Manitoba

Thousands of Manitobans sign up to be organ donors following Humboldt tragedy

Manitoba's online organ donor registry is crediting a Humboldt Broncos player's decision to donate his organs for a significant increase in registrations.

Transplant Manitoba says their online registry saw over 4,500 people sign up this week

Transplant Manitoba says their online registry saw over 4500 people sign up this week following Humboldt tragedy. 2:02

Since the Humboldt Broncos' bus crash Transplant Manitoba says 4,587 people have signed up to be organ donors online, and they're crediting Logan Boulet for much of that response. 

Just weeks before the crash the Humboldt Bronco's player signed up to be an organ donor in Saskatchewan. His family went public with their decision to honour his wish after he was taken off life support in the days after the crash. 

Boulet has been credited with saving the lives of at least six people.
Humboldt Broncos player Logan Boulet, 21, was from Lethbridge, Alta. He was expected to save the lives of at least six people. (SJHL)
 

"He made a courageous decision as a young man as soon as he turned 21, he made the decision to talk to his family about it … and then he went and actually registered that intention to donate," said Dr. Faisal Siddiqui, a physician with Transplant Manitoba.

In comparison, during the same week in March and February, there were 51 and 78 registrations respectively. 

"It's a sign that Canadians, their heart strings have been touched by this story, I think Logan Boulet is a shining example of what young people in our country can do," said Siddiqui.
Dr. Faisal Siddiqui says many people don't realize that they are 6 times more likely to need an organ transplant than they are to actually meet the criteria of becoming a donor. (Holly Caruk/CBC)

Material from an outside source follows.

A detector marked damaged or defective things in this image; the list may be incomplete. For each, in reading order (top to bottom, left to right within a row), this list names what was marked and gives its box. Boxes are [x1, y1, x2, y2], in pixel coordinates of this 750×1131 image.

Transplant Manitoba now has more than 27,500 people signed up to be organ donors and they hope to keep the momentum going. Next week is National Organ and Tissue Donation Awareness week, and the registry hopes to reach 30,000 registrations by April 30.

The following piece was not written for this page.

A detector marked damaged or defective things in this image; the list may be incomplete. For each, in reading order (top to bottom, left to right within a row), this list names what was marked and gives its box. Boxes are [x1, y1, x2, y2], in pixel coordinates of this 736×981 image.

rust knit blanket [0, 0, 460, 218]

The online registry was launched in 2012 and was meant to replace the blue donor cards that Manitobans used to keep in their wallets.

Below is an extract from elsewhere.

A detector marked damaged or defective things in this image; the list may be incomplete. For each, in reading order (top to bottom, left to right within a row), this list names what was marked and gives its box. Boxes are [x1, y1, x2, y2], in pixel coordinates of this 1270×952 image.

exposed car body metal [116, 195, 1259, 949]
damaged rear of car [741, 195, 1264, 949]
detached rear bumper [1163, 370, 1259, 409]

Siddiqui said many Manitobans still have their donor cards, but says they should also sign up online and make their wishes known to their families, because the card may not always be available when it's needed.

"People still use them, if you had one in your wallet years ago, keep it there, but go online also," he said.

More than 4,600 Canadians are currently waiting for a transplant. In Manitoba, there are over 200 people waiting for a kidney and another 30 waiting for a heart, lung or liver transplant.

"You are six times more likely to need an organ transplant, than to actually fit the strict criteria to be an organ donor," said Siddiqui.

"If you're willing to accept one, you're probably willing to donate one as well."

'Give gift of life to others': Mother of donor

Jodie Shepit made the decision to donate her daughter Jazmyn's organs in 2014. Since hearing the news of Boulet's family doing the same she's been reminded of how important it is to help others.

"When you can't save your own child, it so important to offer the gift of life to others," said Shepit.
After Jodie Shepit's daughter, Jazmyn Shepit, was killed in 2014, she made the decision to honour her daughter's wishes and donate her organs, which went to 8 people. (Holly Caruk/CBC)

She said she knew her daughters wishes beforehand and encourages others to have that conversation before a tragedy happens.

"Have it now, have it at your dinner table, be aware, so that you don't have to have it when tragedy strikes," she said.

Blood donations up across the country, but still room for Manitobans to give

Canada's blood bank has also seen a spike in donations across the country since the tragedy in Saskatchewan.

"Particularly in Saskatchewan, where all week we've seen blood donor clinics fully booked and they will continue to be fully booked throughout the month," said Mike Choi, with Canadian Blood Services.
Repeat blood donor, Kimberly Sidloski (centre), says tragedies like Humboldt can sometimes spark new donors because it's something almost everyone can give. (Holly Caruk/CBC)

"In Manitoba specifically, we've seen a small increase in blood donation over the last week, but there is still plenty of opportunity to donate blood," he said.

Choi said next week alone there's 300 empty appointments in Winnipeg.

Corrections

  • A previous version of this story stated that 4,600 Manitobans are awaiting a transplant. In fact, that number reflects the number of people in need of a transplant nationwide.